=== Section Start ===

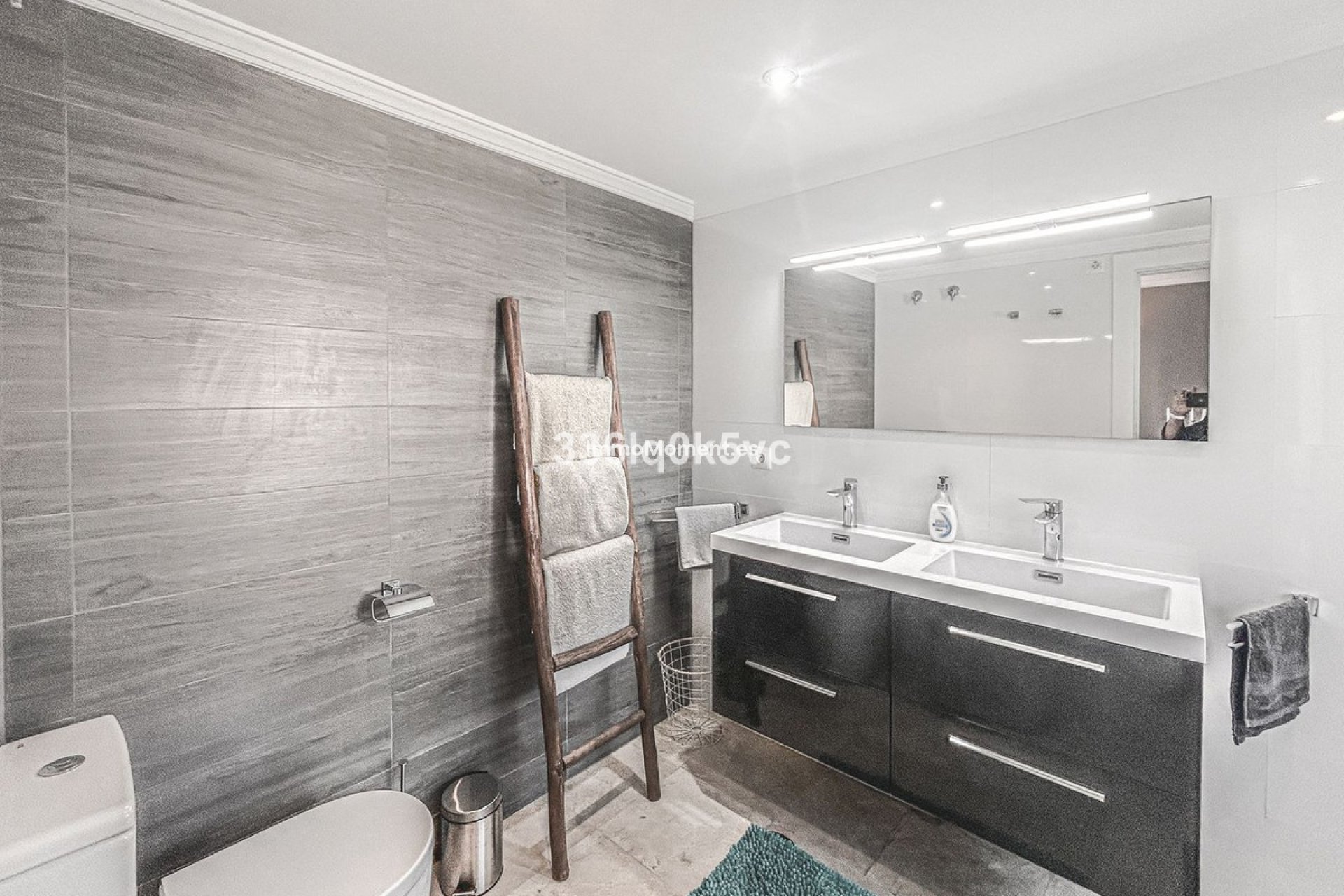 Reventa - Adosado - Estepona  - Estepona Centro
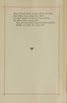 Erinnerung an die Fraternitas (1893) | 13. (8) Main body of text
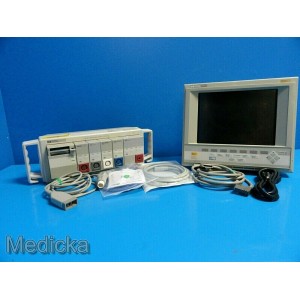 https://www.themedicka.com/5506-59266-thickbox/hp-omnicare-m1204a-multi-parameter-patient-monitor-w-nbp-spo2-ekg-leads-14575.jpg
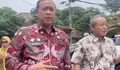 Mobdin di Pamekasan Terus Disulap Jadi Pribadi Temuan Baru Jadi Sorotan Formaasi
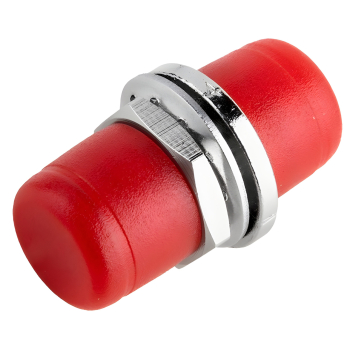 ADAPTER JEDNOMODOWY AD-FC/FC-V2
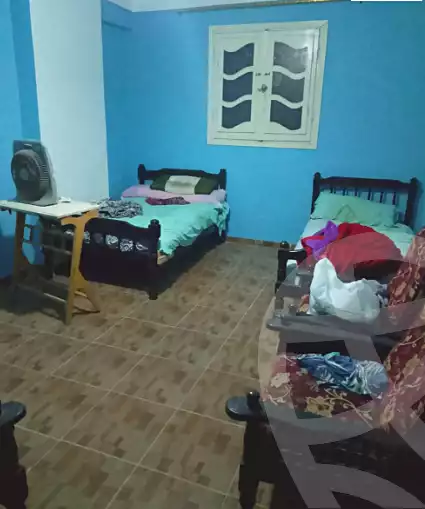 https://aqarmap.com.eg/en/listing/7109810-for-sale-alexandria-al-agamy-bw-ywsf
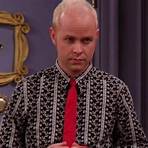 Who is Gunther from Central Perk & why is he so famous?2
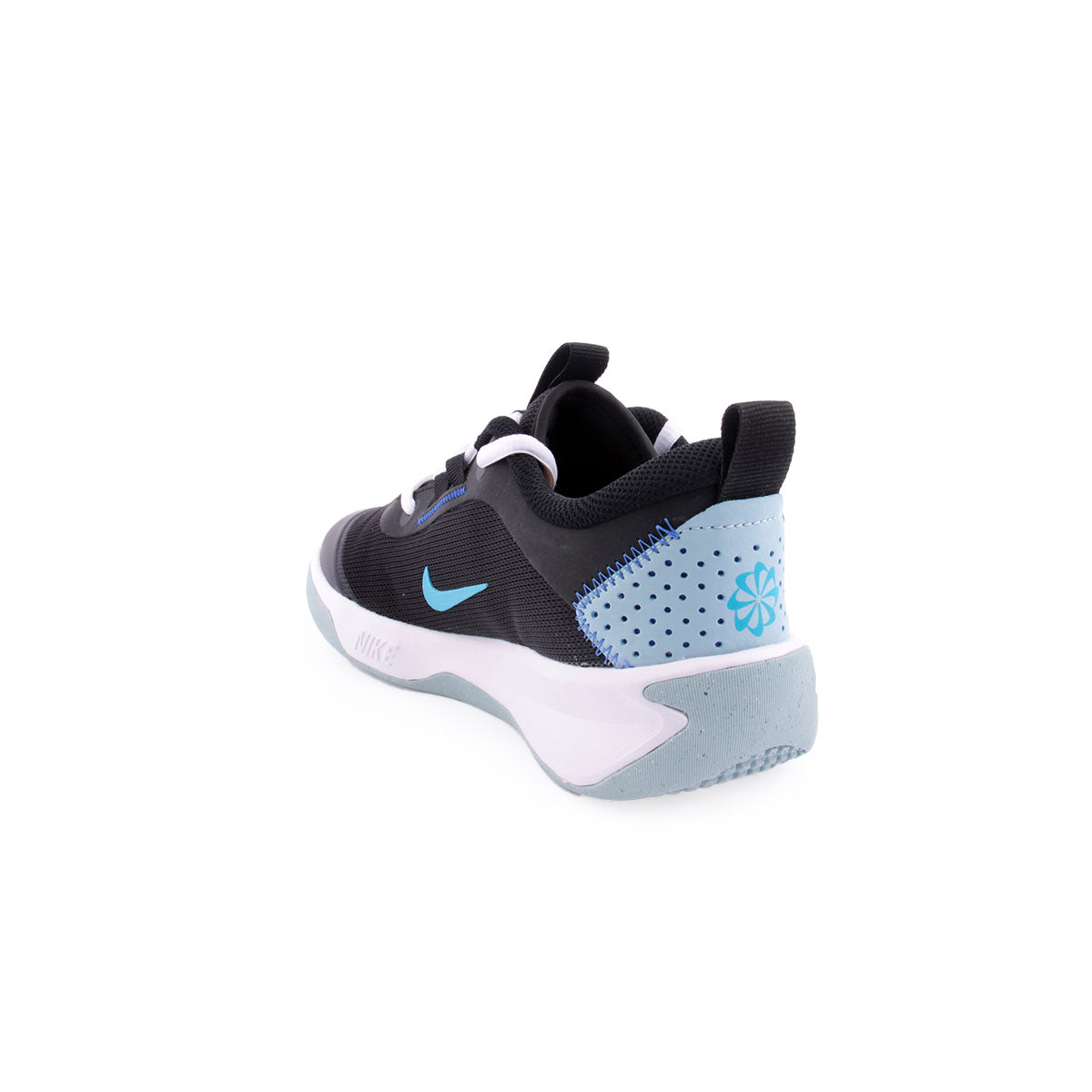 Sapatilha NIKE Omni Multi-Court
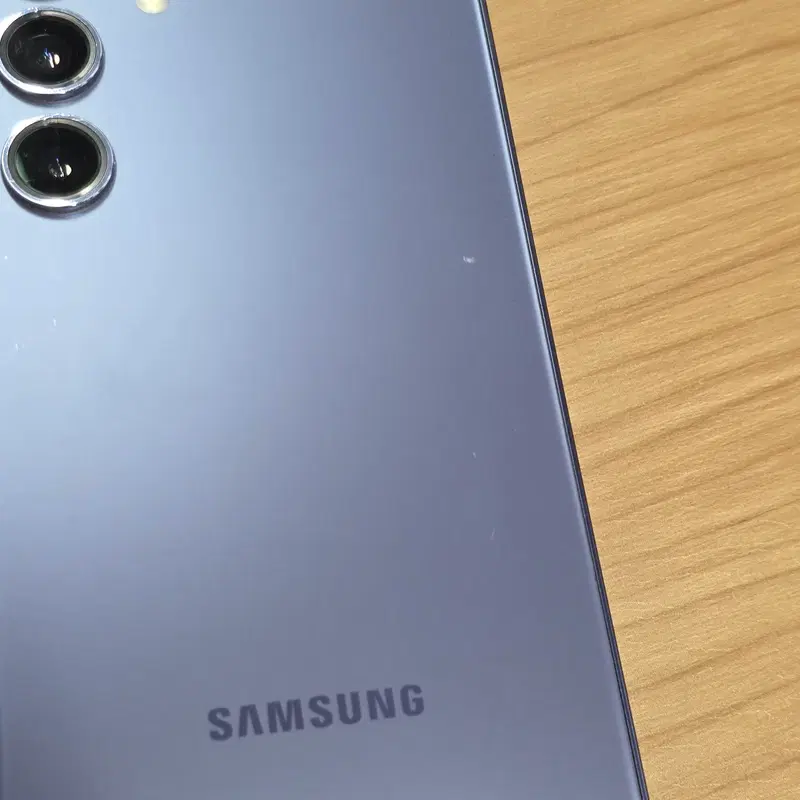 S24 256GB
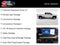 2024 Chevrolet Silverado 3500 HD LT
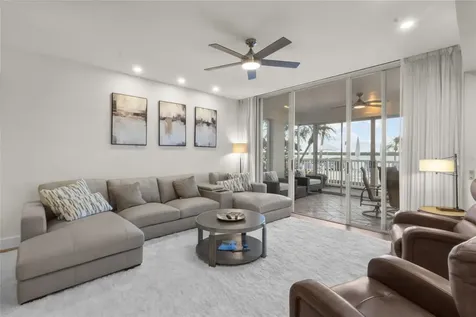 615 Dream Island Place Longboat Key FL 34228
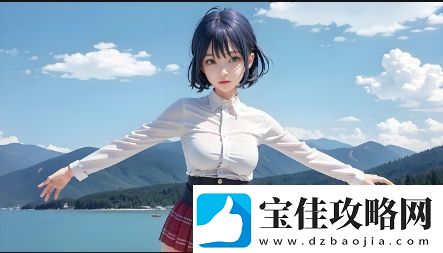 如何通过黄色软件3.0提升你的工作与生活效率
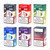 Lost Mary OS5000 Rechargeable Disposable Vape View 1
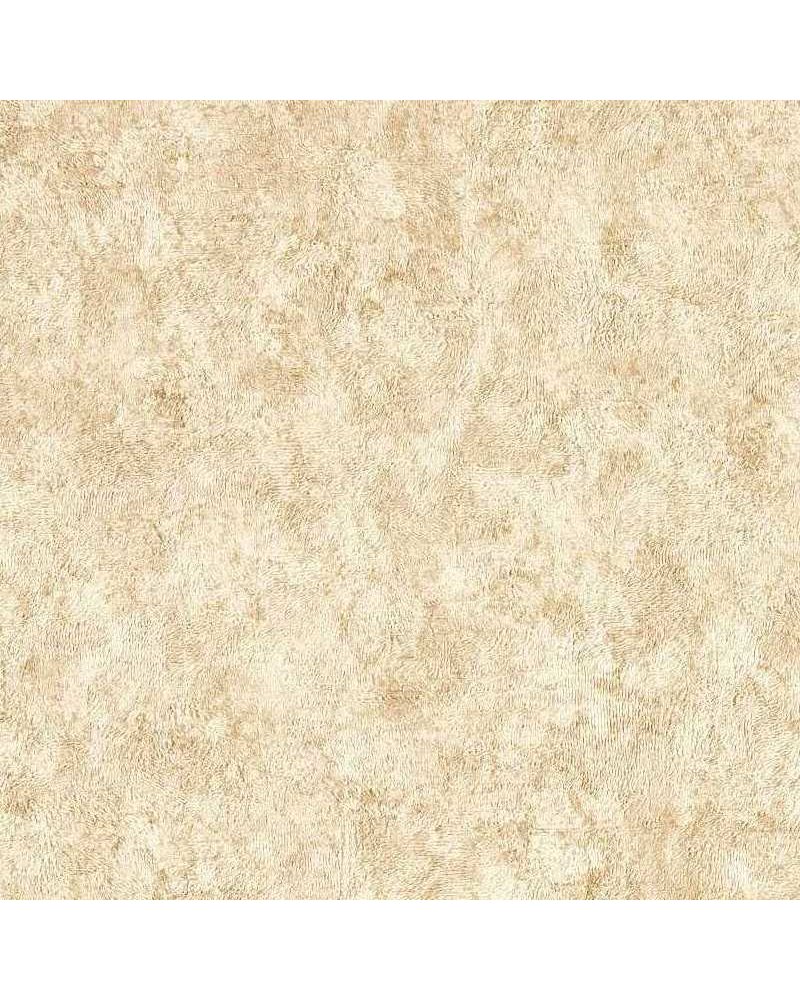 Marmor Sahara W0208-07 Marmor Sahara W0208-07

=== Section End ===

* TASK TO CARRY OUT *
Write the listing again exactly, duplicating every line and skipping the pictures.

* ANSWER TO THE PROBLEM *
 Reventa - Adosado - Estepona  - Estepona Centro
 Erinnerung an die Fraternitas (1893) | 13. (8) Main body of text
 https://www.themedicka.com/5506-59266-thickbox/hp-omnicare-m1204a-multi-parameter-patient-monitor-w-nbp-spo2-ekg-leads-14575.jpg
 Mobdin di Pamekasan Terus Disulap Jadi Pribadi Temuan Baru Jadi Sorotan Formaasi
 ADAPTER JEDNOMODOWY AD-FC/FC-V2
 https://aqarmap.com.eg/en/listing/7109810-for-sale-alexandria-al-agamy-bw-ywsf
 Who is Gunther from Central Perk & why is he so famous?2
 Sapatilha NIKE Omni Multi-Court
 S24 256GB
 2024 Chevrolet Silverado 3500 HD LT
 615 Dream Island Place Longboat Key FL 34228
 如何通过黄色软件3.0提升你的工作与生活效率
 Lost Mary OS5000 Rechargeable Disposable Vape View 1
 Marmor Sahara W0208-07 Marmor Sahara W0208-07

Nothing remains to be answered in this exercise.